EXPR: BUILTIN '(' EXPR* ')' {800}
    | 'if' '(' EXPR_PAIR+ EXPR ')' {800}
    | 'switch' '(' EXPR EXPR_PAIR+ EXPR ')' {800}
    | '[' EXPR 'for' KVP+ ']'
    | OOO_PAREN EXPR ')'
    | EXPR F_PAREN EXPR+ KVP* ')' {left, 700}
    | EXPR DOT POST_DOT {left, 700}
    | EXPR '%' EXPR {left, 600}
    | EXPR '^' EXPR {left, 600}
    | EXPR '+' EXPR {left, 500}
    | EXPR '/' EXPR {left, 500}
    | EXPR '\\' EXPR {left, 500}
    // logical operators on string expressions
    // lower precedence than string-string operators,
    // higher than pure logic operators
    | EXPR '==' EXPR {left, 450}
    | EXPR '=~' EXPR {left, 450}
    // logical operators, which can't really be chained with string operators
    // (even if a nonzero-length string can evaluate to "true"):
    // !a.b.c+e.f makes no sense as !(a.b.c)+e.f -> (false)+e.f
    // so they will have lower precedence
    | '!' EXPR {right, 400}
    | EXPR '&&' EXPR {left, 300}
    | EXPR '||' EXPR {left, 250}
    | LITERAL {200}
    | VAR {100};

POST_DOT: MODIFIER '(' EXPR* ')' {1000}
        | VAR {100};

////// COMPOUND EXPRESSIONS //////

KVP: VAR '=' EXPR;
EXPR_PAIR: EXPR ':' EXPR;

///// MODIFIERS /////

MODIFIER: 'strip' | 'lower' | 'pre' | 'post' | 'regex' | 'wrap';

///// BUILTINS /////

BUILTIN: 'chmod' | 'dynamic' | 'table' | 'sha256' | 'cat';

///// LITERALS /////

LITERAL: FUNC | DICT | LIST | STRING | INT | BOOL | PUKE | NULL;
FUNC: '{' VAR+ KVP* '->' EXPR '}';
DICT: '<' KVP* '>';
BOOL: 'true' | 'false';
STRING: DQSTRING | SQSTRING;
LIST: '[' LIST_ELEM* ']';
LIST_ELEM: EXPR | EXPAND | SKIP;
EXPAND: '*' EXPR;

///// TERMINALS /////

terminals
// F_PAREN is a paren that must be a function call
F_PAREN: /(?<=[a-zA-Z_0-9)}])\(/;
// OOO_PAREN is a parent that must not be a function call
OOO_PAREN: /(?<![a-zA-Z_0-9)}])\(/;
VAR: /[a-zA-Z_][a-zA-Z_0-9]*/;
INT: /\d+/;
DOT: '.';
PUKE: 'puke';
NULL: 'null';
SKIP: 'skip';
DQSTRING: /"[^"\\]*(?:\\.[^"\\]*)*"/;
SQSTRING: /'[^'\\]*(?:\\.[^'\\]*)*'/;

If I run rm grammar.pgt && python example.py I get the following output

[[['dynamic', '(', ['"OS"'], ')']], None]

If I then run python example.py again I get:

[[['dynamic', '(', ['"OS"'], [], ')']], None]

The first time through it is correctly evaluating as the first line of the EXPR block, designed to catch builtin functions in my language like "dynamic":

BUILTIN '(' EXPR* ')' {800}

But the second time it is evaluating as the sixth line, designed to catch user-defined functions:

EXPR F_PAREN EXPR+ KVP* ')' {left, 700}

(Note that F_PAREN means "function paren" and indicates a "(" which is not proceeded by a space, which allows for lists of expressions that can be space separated instead of comma separated).

Is my grammar written in a way that it only happens to work without table caching, or is this a bug?

igordejanovic commented 6 years ago

Thanks for taking time to write a detailed report.

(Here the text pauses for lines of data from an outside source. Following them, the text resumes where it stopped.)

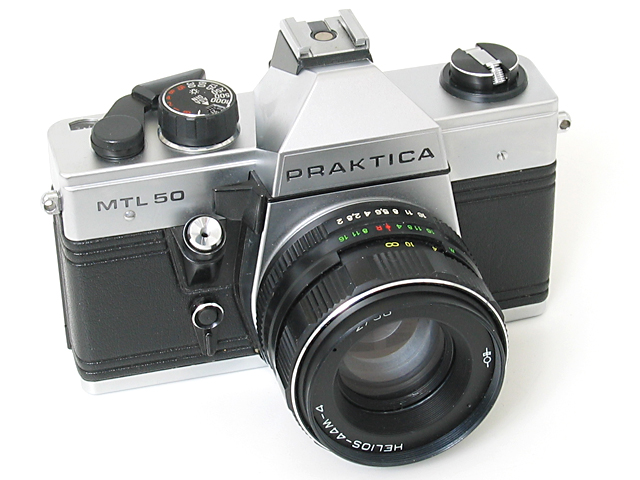 Praktica m50 bf2 примеры фото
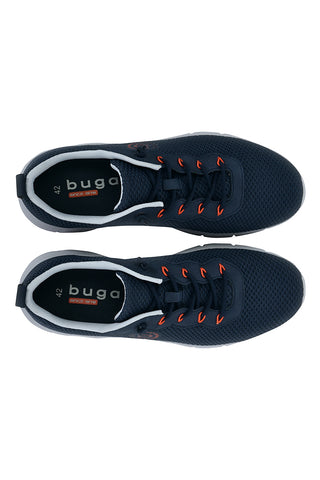 Bugatti hellblau Herren Turnschuhe 345AFA1D69004100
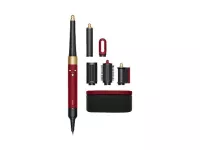Multi-Haarstyler und -trockner, Samtrot/Gold, Haarstyler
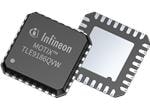 Infineon Technologies MOTIX™ TLE9186QVW 3-Phasen-Gate-Treiber-IC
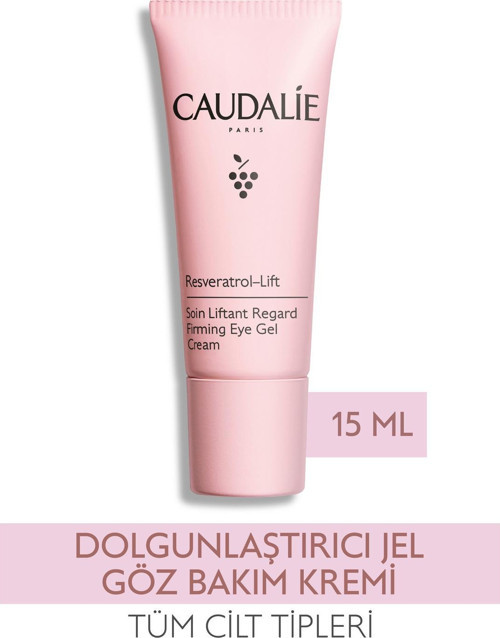 Resveratrol-Lift Jel Göz Bakım Kremi 15 ml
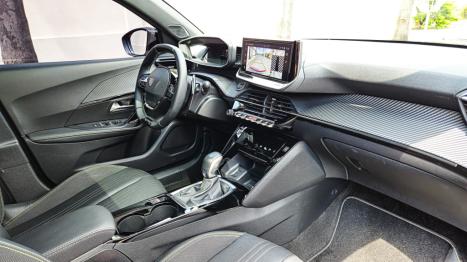 PEUGEOT 2008 1.0 12V 4P FLEX TURBO 200 GT AUTOM�TICO CVT, Foto 9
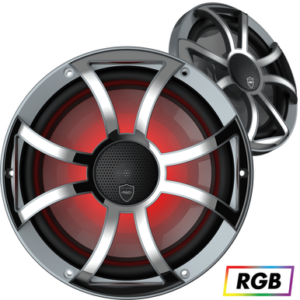 9_CX10_XS_G_SS__05397.1622590341.386.513 REVO CX-10 XS-G-SS | High Output Component Style 10" Marine Coaxial Speakers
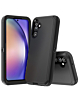 Heavy Duty Case for Galaxy A03S (BLACK) (Only Ground Shipping)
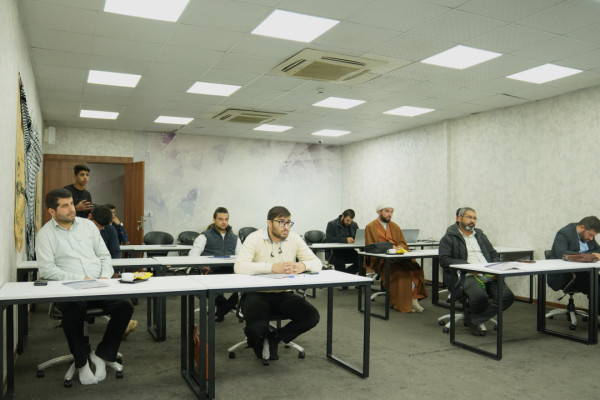 چهارمین نشست مسئولین استدیو مساجد خوزستان برگزار شد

There should be no difference in parsing between loaded and calculated table. There also should be no grammar that can't work with table caching so this must be a bug. I'll investigate. What is your Python version?

igordejanovic commented 6 years ago

The bug should be fixed now. Here is a regression test based on the code you provided.

rexroni commented 6 years ago

Awesome, it seems to be working great now! Glad I could help.